Mr Easterbrook also explored how he discussed the company with his employees: “The rallying call ‘modern progressive burger company’ was about giving us the confidence around understanding who we are and being proud about who we are.”
He emphasised how he wanted to move away from the identity crisis of 2015, and focus on their strengths – all-day breakfasts and discounts. He said: “It’s not about being a different McDonald’s; it’s about being a better McDonald’s.”
Mr McCorvey referenced how the removal of the Dollar Menu in 2013 led to uproar from customers and a wave moving over to competitor like Wendy’s. So in 2017 the family favourite menu returned in a new form, with value offers such as $1 coffees. Mr McCorvey explained: “This struck a balance of thoughts: Customers could dine without splurging, and franchisees weren’t stuck with razor-thin margins.”
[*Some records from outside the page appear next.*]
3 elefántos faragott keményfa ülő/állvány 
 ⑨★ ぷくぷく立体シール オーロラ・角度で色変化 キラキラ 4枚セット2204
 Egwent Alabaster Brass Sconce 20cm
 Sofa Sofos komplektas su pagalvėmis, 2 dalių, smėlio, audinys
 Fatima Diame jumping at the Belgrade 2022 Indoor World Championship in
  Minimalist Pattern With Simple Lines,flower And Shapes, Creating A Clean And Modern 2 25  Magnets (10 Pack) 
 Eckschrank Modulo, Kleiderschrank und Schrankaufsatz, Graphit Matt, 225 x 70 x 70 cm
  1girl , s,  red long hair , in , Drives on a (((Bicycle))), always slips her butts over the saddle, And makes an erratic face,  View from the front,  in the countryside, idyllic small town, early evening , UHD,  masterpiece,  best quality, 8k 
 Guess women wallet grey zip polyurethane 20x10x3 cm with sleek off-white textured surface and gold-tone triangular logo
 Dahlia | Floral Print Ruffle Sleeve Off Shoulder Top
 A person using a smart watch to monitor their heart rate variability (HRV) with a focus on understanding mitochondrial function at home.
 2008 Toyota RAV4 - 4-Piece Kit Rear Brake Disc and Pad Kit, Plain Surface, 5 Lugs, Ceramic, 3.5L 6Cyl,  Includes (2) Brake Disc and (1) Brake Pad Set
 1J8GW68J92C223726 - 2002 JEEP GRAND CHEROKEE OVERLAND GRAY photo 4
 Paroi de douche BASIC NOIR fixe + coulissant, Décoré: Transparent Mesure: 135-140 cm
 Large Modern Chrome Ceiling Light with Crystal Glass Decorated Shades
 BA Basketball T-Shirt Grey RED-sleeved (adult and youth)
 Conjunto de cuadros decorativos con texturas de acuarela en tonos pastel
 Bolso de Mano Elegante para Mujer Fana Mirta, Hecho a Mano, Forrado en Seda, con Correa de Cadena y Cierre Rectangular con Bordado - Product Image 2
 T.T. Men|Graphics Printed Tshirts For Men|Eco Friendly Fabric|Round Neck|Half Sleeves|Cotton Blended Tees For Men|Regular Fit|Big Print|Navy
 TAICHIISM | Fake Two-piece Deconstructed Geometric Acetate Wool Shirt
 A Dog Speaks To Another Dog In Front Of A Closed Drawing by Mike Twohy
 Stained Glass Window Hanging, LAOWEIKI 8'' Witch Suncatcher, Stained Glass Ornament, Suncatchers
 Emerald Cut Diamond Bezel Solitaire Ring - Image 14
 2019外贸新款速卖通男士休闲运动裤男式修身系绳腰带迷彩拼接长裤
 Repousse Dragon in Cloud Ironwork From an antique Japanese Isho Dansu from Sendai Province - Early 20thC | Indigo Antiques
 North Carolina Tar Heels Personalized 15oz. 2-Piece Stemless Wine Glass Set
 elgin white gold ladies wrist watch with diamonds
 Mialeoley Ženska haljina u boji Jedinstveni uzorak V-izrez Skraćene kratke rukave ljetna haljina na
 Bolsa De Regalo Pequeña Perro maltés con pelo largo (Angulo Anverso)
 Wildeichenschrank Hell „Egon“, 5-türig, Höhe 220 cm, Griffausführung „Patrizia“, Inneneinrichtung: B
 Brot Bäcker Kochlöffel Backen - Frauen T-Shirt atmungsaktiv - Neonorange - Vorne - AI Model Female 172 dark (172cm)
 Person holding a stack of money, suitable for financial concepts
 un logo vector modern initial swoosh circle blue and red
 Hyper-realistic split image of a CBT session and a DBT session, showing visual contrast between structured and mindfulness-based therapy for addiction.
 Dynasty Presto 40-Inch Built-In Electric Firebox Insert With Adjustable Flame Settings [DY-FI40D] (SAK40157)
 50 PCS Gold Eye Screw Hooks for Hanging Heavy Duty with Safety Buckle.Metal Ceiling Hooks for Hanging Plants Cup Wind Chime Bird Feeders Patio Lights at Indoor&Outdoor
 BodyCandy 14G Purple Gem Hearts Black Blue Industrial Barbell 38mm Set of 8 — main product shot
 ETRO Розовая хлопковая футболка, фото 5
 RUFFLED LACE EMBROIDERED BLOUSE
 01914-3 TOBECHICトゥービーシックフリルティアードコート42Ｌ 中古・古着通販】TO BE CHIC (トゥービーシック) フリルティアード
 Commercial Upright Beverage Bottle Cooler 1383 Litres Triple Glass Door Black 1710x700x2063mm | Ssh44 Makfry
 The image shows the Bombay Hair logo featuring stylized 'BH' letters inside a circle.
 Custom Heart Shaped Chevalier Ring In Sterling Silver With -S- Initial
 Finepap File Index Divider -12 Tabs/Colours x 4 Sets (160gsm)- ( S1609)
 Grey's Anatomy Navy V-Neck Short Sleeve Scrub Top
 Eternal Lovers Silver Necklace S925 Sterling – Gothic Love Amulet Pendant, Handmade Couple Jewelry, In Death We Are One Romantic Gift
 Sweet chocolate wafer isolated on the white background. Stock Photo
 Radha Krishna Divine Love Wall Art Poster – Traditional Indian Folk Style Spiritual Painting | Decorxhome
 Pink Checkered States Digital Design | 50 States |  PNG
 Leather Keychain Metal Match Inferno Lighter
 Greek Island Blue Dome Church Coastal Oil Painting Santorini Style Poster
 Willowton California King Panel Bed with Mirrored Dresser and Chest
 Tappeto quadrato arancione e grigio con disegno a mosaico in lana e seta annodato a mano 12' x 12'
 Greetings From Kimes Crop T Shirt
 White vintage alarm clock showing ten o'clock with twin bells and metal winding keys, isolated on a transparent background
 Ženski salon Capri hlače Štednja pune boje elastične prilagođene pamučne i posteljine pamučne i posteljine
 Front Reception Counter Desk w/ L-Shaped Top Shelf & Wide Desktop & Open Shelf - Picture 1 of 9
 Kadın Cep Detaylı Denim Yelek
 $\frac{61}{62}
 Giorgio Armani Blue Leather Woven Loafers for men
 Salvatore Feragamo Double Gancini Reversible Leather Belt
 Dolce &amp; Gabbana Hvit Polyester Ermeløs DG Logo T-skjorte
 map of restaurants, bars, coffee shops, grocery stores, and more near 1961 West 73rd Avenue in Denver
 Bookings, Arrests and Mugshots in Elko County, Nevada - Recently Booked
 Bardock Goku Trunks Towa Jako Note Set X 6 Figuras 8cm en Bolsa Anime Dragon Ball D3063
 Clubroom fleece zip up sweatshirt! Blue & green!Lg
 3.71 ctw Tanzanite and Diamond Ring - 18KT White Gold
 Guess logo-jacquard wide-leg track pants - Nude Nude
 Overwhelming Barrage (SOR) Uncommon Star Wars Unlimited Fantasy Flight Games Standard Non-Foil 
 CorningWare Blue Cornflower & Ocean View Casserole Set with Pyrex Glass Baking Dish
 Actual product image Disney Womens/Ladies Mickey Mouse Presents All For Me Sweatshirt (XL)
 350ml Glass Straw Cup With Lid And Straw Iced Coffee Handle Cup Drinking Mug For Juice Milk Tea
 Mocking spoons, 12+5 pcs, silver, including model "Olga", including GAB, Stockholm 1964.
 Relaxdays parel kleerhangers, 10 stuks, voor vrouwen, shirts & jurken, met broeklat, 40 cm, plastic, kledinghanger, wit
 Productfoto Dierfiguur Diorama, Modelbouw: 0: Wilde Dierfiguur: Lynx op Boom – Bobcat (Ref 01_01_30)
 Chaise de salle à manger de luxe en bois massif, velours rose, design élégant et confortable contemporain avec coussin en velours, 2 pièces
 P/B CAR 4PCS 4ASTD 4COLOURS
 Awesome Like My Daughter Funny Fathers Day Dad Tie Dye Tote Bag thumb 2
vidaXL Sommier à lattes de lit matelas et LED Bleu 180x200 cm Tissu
Mr Easterbrook with some McDonald’s employees
Mr Easterbrook commented: “The majority of reasonable folks will always feel warm towards an individual or company looking to improve itself.”
Most recently, McDonald’s has introduced technology. With app-based delivery and digital menu boards, although some still argue that makes it too slow.
It also faces resistance over worker wages.
But Mr McCorvey concluded: “If McDonald’s track record is any guide, it will evolve accordingly and close rifts with franchisees enough to boost its bottom line.”
Chris Kempczinski, the president of McDonald’s USA, will be replacing Mr Easterbrook.